The solution that we came up with was that Pipelines could include services in addition to steps. Only steps within the pipeline would be able to communicate with the service, and changes to the service would amount to alterations to the pipeline. Pipeline jobs would include information about and logs from the service spun up within the job as well.
Discoverability
One problem that we considered solving with pipelines, but eventually moved towards solving with the auth system or other constructs, is discoverability. For example, if the infra team has a set of pipelines that might clutter the view of an data scientist on the marketing team (who simply doesn't care about them), then those infra pipelines should be hidden from the marketing person by default.

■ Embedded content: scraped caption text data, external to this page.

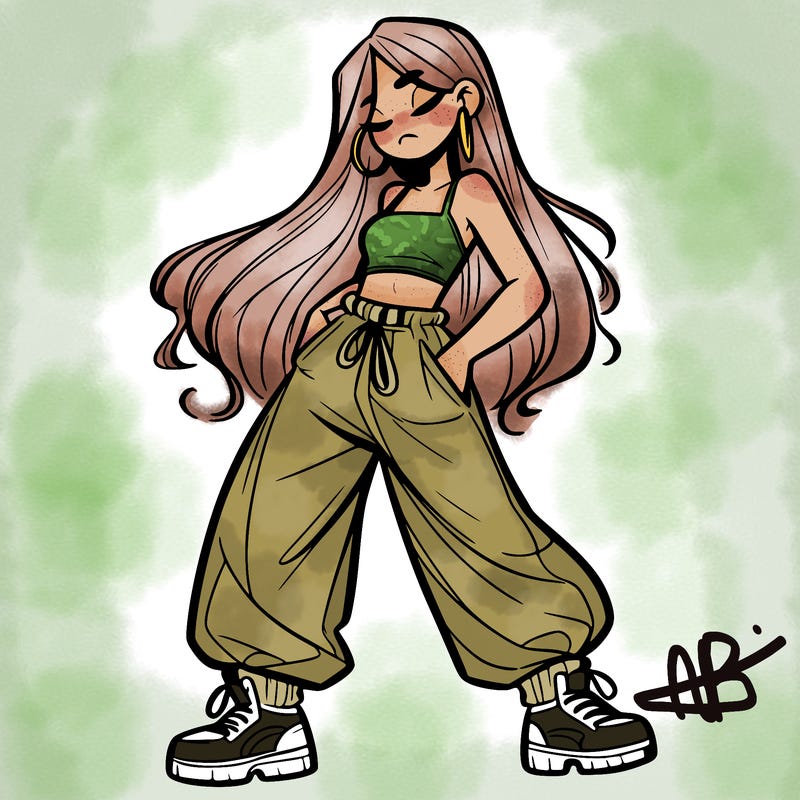 girl in baggy pants crop top and long hair
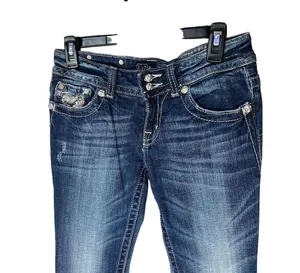 Miss Me Women's Bootcut Jeans Size 28 Blue Rhinestone Studded Flap Pocke… thumbnail 2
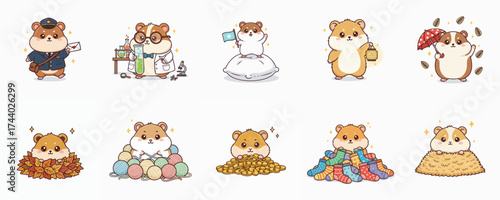 Illustration of a group of hamster characters in various activities and settings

To solve this problem, we ended up focusing on repos, rather than pipelines, and would organize repos in a hierarchy that is highly analogous to directories in a file system. A mature Pachyderm cluster might have an /infra
directory, that the marketing person would see, but that they generally wouldn't explore. They might spend time in the /marketing/projections
directory.
A related feature (borrowed from Go packages) is that each directory that contains repos would have some that are "exported"—publicly visible/meant to be consumed—and some that are "private". Our marketing person might pull data from /infra/users/anon_user_ids
but would not, by default, see or be able to analyze /infra/users/pii
. However, when our marketing person looks in /marketing/projects
, they would see the private repo /marketing/projections/secret_financial
as well as pipelines that consume that repo.
Open Issues/Questions
- If pipelines are one RC or one CRD, and different steps in a pipeline are different containers, then we need all steps of a pipeline to start concurrently, which might mean there aren't enough resources in a cluster for two fat steps to coexist
- OTOH, if we're using pipeline CRDs, we could have >1 RC per pipeline (by having all RCs be children of the parent pipeline resource
- The Argo pipeline spec language is Turing complete. Do we want that?

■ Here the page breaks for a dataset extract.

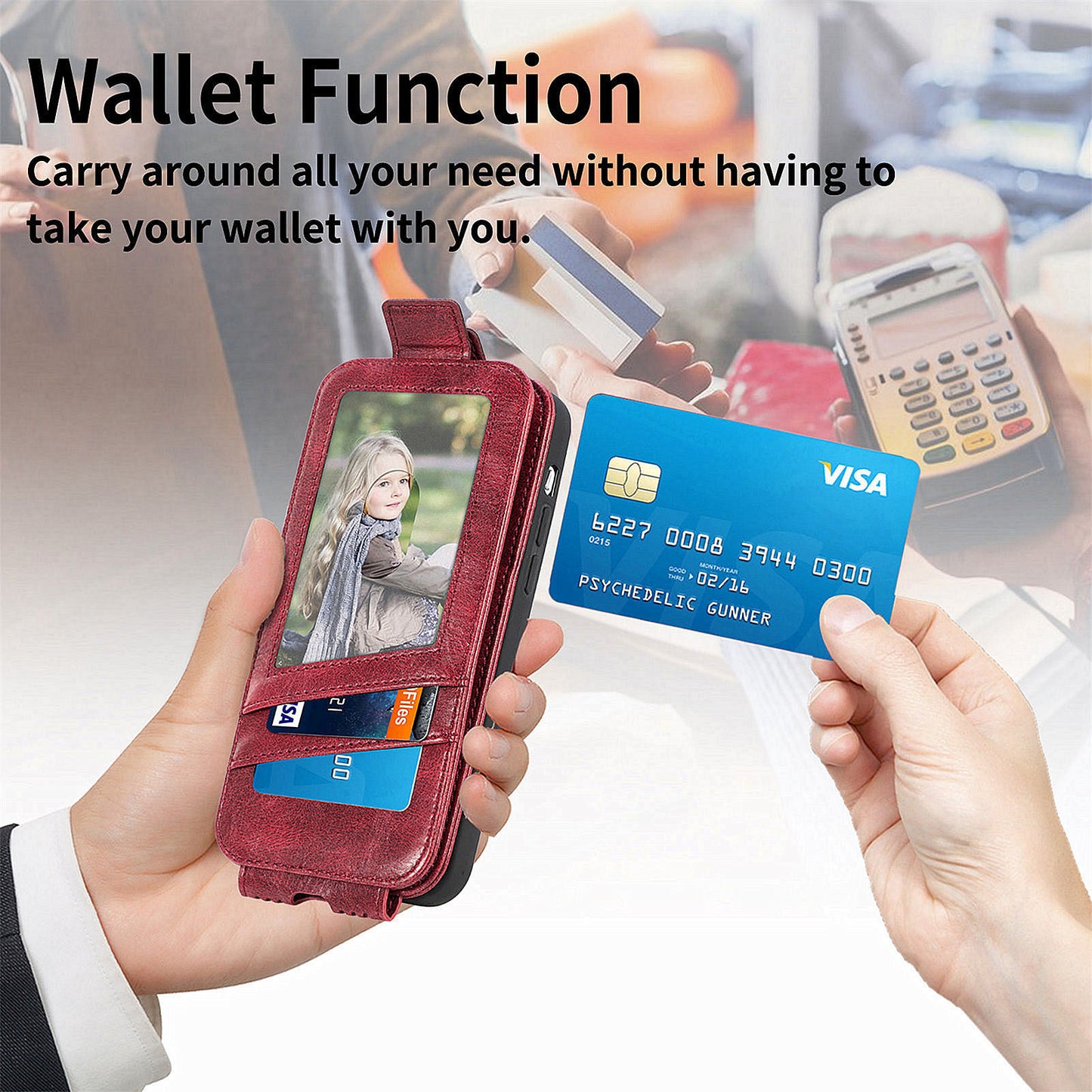For Samsung Galaxy A15 4G Case Zipper Pocket PU Leather Vertical Flip Wallet Phone Cover - Wine Red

1 If pipeline step one maps datum A -> C
and B -> C
and step two maps C -> D
, then tracking which parts of D
came from A
and which came from B
(via block refs) would be impossible, as step 2
sees all of C
together. This precludes our currently-planned 1.9 approach to incrementality (reprocessing A
and merging the new output into files affected by the previous output from A
). If we decided to preserve datum hashtrees or output hashtrees for certain intermediate steps, we might be able to skip some processing within a single step, though we'll have to figure out how to constrain the amount we persist from a job, given that a cyclic job could generate unbounded output
2 In 2018 (I think), Sean Jezewski worked on a proof-of-concept that included a large SQL query. Sean's approach to the POC was to deploy Postgres adjacent to a pachyderm pipeline, and have the pipeline send queries to the postgres nodes and store the results in the pipeline's output commit.